▶ _YOUR ASSIGNMENT_
Repeat only the lines below that run from the line with "Volkswagen CRAFTER - 5" to the line with "Best headphones for", ends included; skip every picture.
[GIVEN DATA — start]
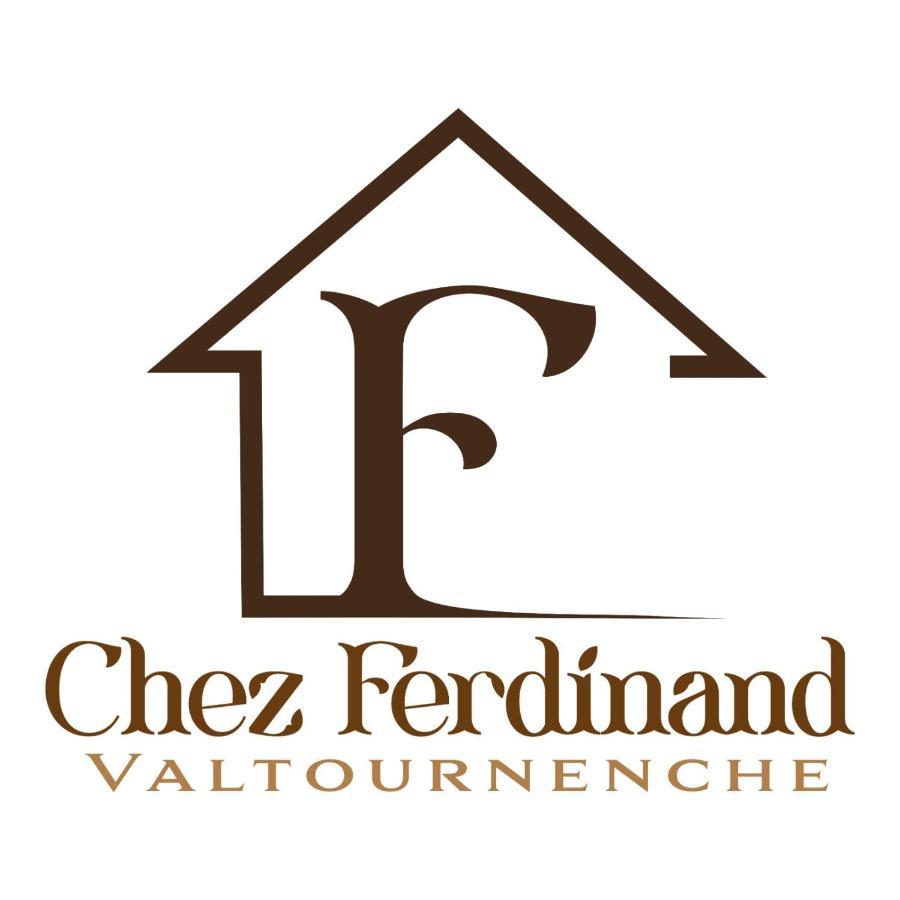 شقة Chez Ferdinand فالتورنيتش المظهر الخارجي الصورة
[GIVEN DATA — finish]
[GIVEN DATA — start]
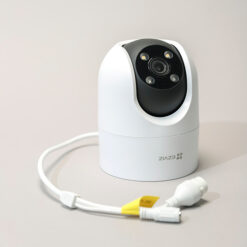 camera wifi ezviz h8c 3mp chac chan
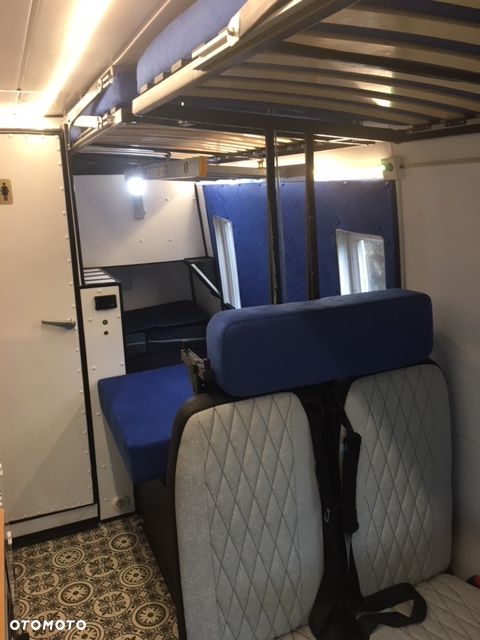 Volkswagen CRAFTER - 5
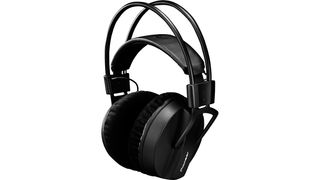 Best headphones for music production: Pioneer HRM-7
[GIVEN DATA — finish]
▶ _OUTPUT OF THE TASK_
 Volkswagen CRAFTER - 5
 Best headphones for music production: Pioneer HRM-7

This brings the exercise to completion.